Like street drugs and cheap handguns, operatic directorial license is designed to be abused. From a director’s standpoint, if you do something reasonable, audiences and musicians will leave the opera house thinking about Mozart or Wagner. If you do something insane, audiences and musicians will leave the theatre thinking about you. It’s a no-brainer. But it doesn’t impair or kill the listener. It’s only a narcissistic exercise in inane infantilism. Epater le Bourgeoisie!
I have my doubts about the future of literalistic stagings, however.
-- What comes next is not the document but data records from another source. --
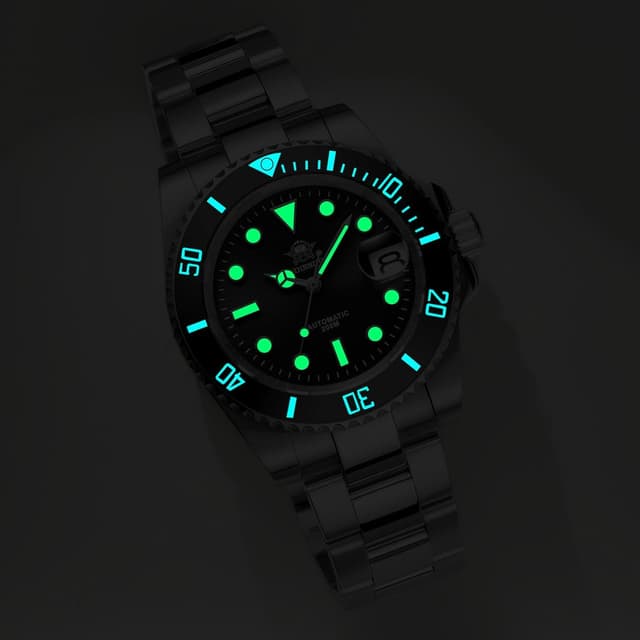 Detalle de ADDIESDIVE AD2503 Herren-Automatikuhr mit Saphirglas, 200 m Wasserdichtigkeit und Saphirglas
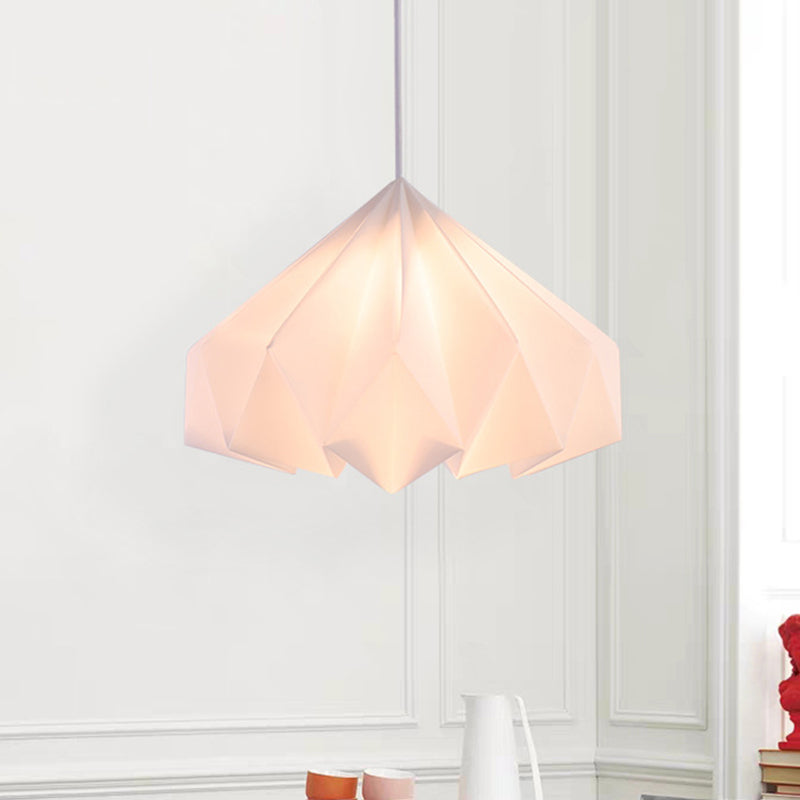 Cône sinueux acrylique suspension du modernisme à un plafond de 1 tête en blanc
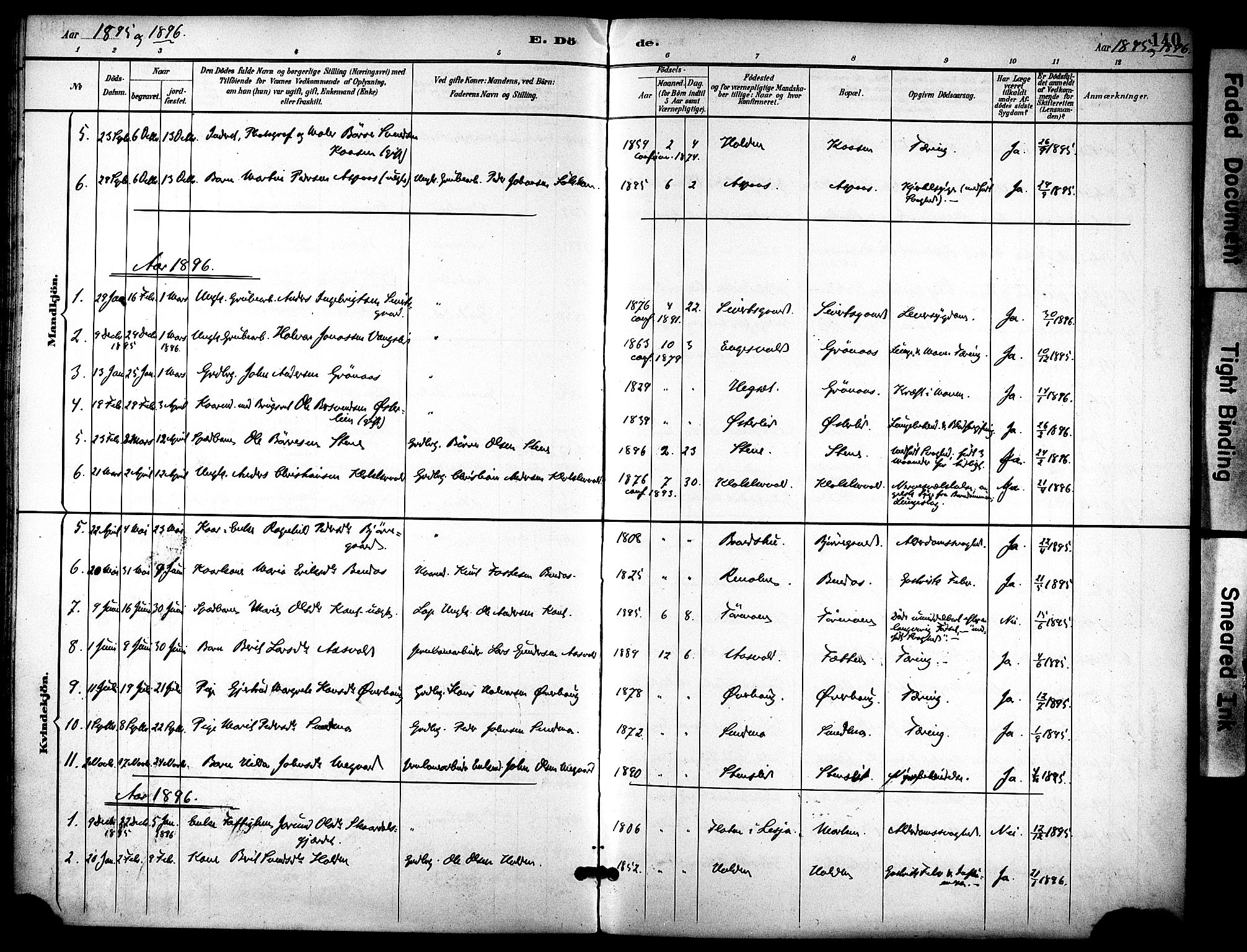 Ministerialprotokoller, klokkerbøker og fødselsregistre - Sør-Trøndelag, SAT/A-1456/686/L0984: Ministerialbok nr. 686A02, 1891-1906, s. 140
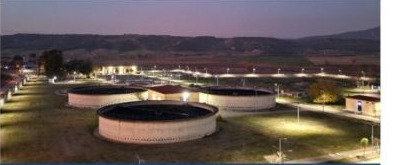 Osmaniye Turkiye sewage treatment plant aerial view at dusk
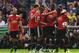 SWANSEA, WALES - AUGUST 19: Eric Bailly of Manchester United celebrates scoring his sides first goal with his Manchester Untited team mates during the Premier League match between Swansea City and Manchester United at Liberty Stadium on August 19, 2017 in Swansea, Wales. (Photo by Dan Mullan/Getty Images)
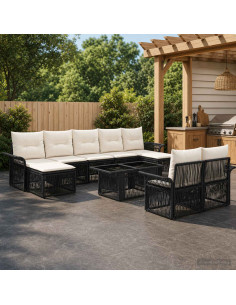 Set Divano da Giardino 10 pz Nero e Bianco Crema polyrattan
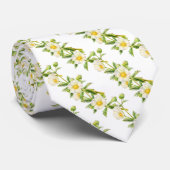 Cravate mariage à fleurs blanches (Roulé)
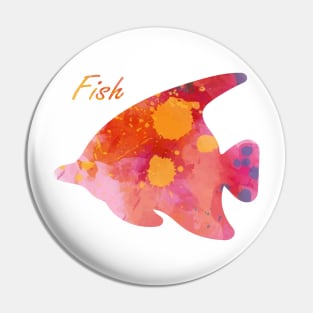 Pink watercolor fish. Pin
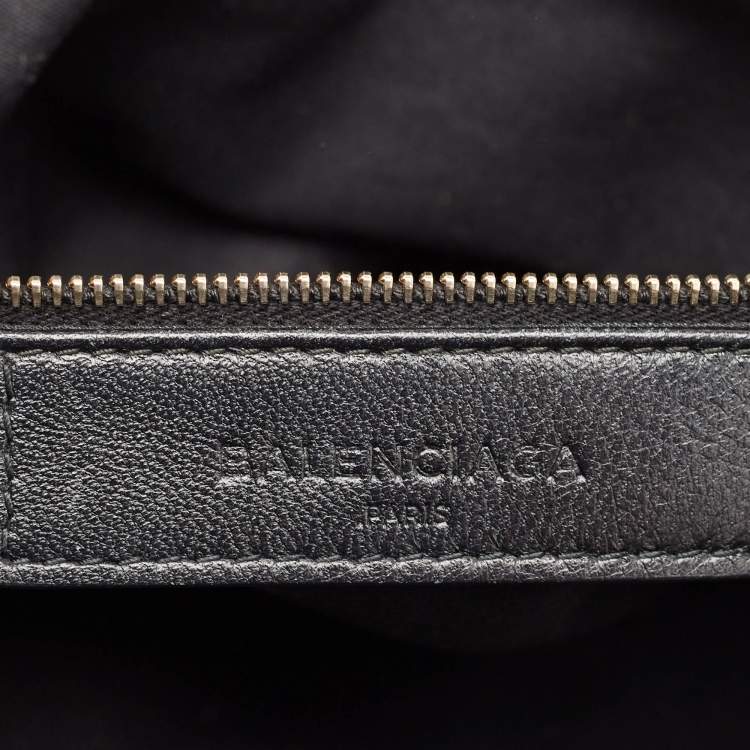 Pre Owned Balenciaga Black Leather Metallic Edge Classic City Bag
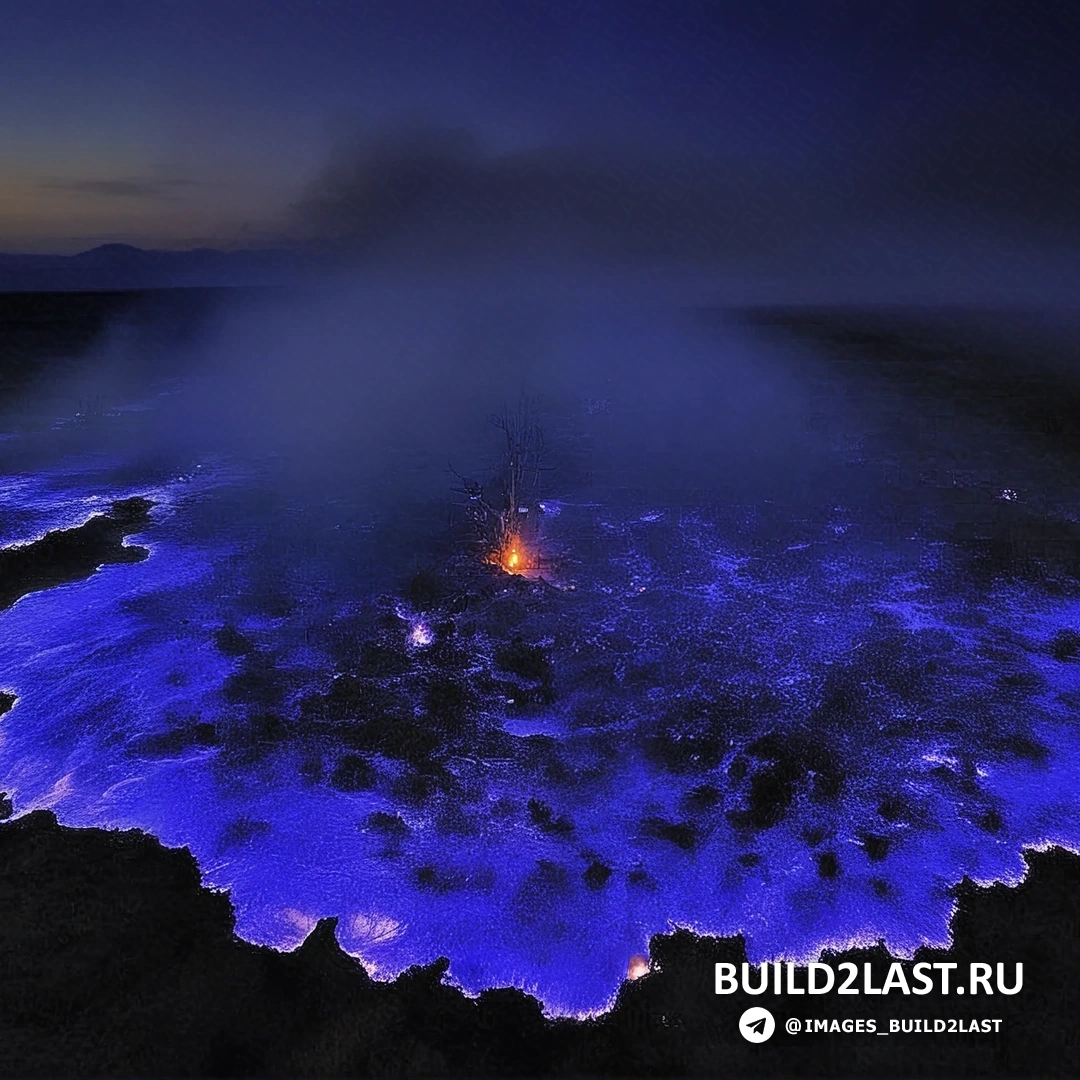 Голубая лава вулкана Kawah Ijen на индонезийском острове, одна из самых известных природных достопримечательностей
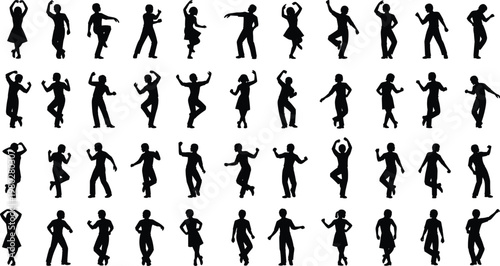 Dancing people silhouette collection vector set featuring men and women dynamic poses isolated black figures for party music design projects
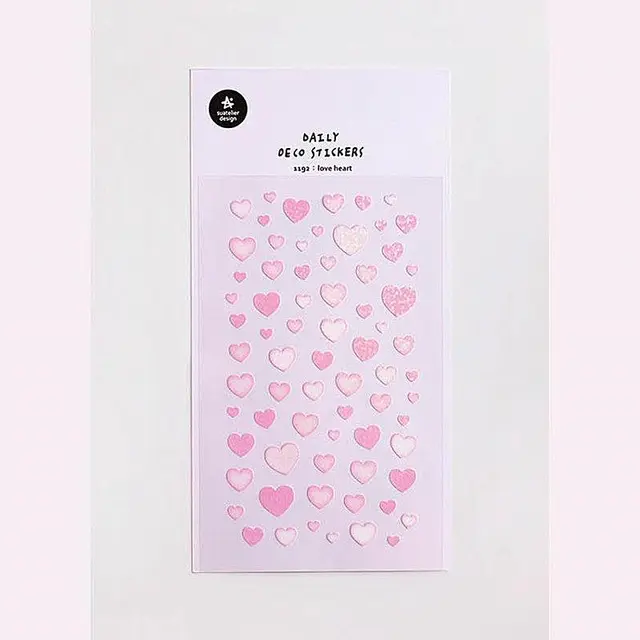 Korean Import Suatelier Shining Love Heart Stickers Scrapbooking Diy Journal Stationery Sticker Decor School Supplies Gift 1192 4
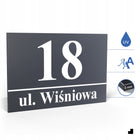 Nierdzewny Numer Na Dom Tabliczka Adresowa z Numerem Domu 32x21 cm Dystanse oznaczenie posesji, szyld aluminiowy 3 mm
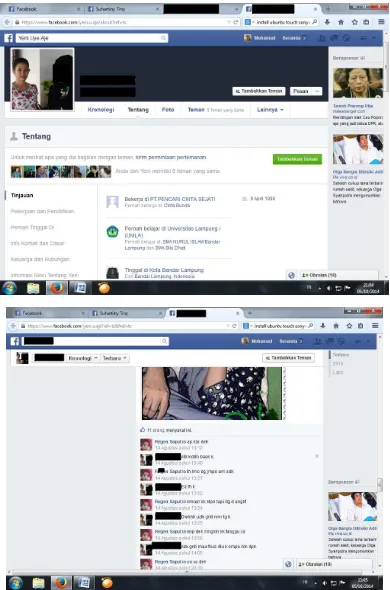 Gambar 9 dan 10. Profil dan Interaksi infoman 3dengan pengguna facebook lainnya melalui comment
Viking helmets, cool as they undoubtedly are, improperly narrow the context of Wagner’s Ring, at least for the twenty-first century.
But utterly inadmissable is the scene in the Stuttgart Opera’s Siegfried, where instead of beating his famous Nibelungen tatoo with a hammer on an anvil, in a futile attempt at forging Nothung, Mime beats a potato peeler against the side of a bowl. I know what the director was thinking, I think…later in the act, Mime makes a potion to murder Siegfried, saying that since he failed as a smith, he may as well be a cook. The director anticipates this with his potato peeler. Well, it shouldn’t be anticipated, number one, because it makes a mockery of the plot and the structure of the act, and, number two, it is so inherently stupid that it draws attention to itself in a disruptive manner. Acceptable, however, is another director’s Tristan und Isolde, act three, where the dying Tristan nostalgically looks at viewfinder style snapshots of his childhood. Why is this admissable? It’s not in the score anymore than the stupid potato peeler. It’s admissable because it’s touching. And why is it touching? Because it’s wholly consonant with Tristan’s fatalistic psychology, it underlines Tristan’s morbidly self-referential character. I cannot explain, however, the idea behind Tristan carrying his own couch around in the same director’s act two.